Make sure you have a cybersecurity strategy—simply having a firewall in place or a spam filter set up is not enough in 2018 to protect your organization from data breaches or cyberattacks. Making sure your data is completely protected means that you need to have a cyber strategy that evaluates current threats and comes up with ways to address those threats so that your office can continue to run efficiently. In addition, having a plan drawn up will give you a way to show your VIP clients and donors that you take protecting their information a priority and give them piece of mind that you are the organization they want to continue to do business with.
Create security policies that actually protect your organization—one key part to integrating cybersecurity into your organizational culture is to figure out how to construct policies related to security.
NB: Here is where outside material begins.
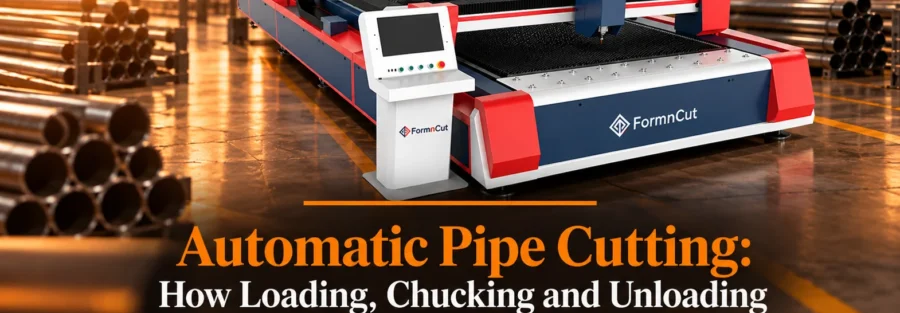 pipe cutting laser machine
By having clear and well-defined instructions on how your staff should approach security, you will eliminate any doubt that your organization is not securing their data.
Backup your data—in the event of a natural disaster or cyber event, one of the easiest ways to continue day to day operations without a hitch is to have tested backups of your data. From 1 to 10, how certain are you that your backups would recover you from a disaster? If you’re not a complete 10, you might want to get a second opinion.
Monitor your network—most cyberattacks take months to detect. During most of that time, criminals are slowly siphoning sensitive data from your office with no one catching it! If you had network monitoring that could decipher between normal operations and suspicious activity—even unexpected small movements in sensitive areas on your network—you would be able to nip most cyber breaches in the bud.
Assess the vulnerabilities on your network—one of the easiest ways to tell if you’re doing enough to protect your data is to know what your vulnerabilities are and how to resolve them. Cybersecurity experts unanimously recommend getting a network vulnerability assessment to determine what vulnerabilities are on your network and find ways to remediate any security issues. By showing your big clients and donors how you’ve improved data security to protect them, you will go a long way to ensuring you’re taking the right steps toward securing your sensitive information.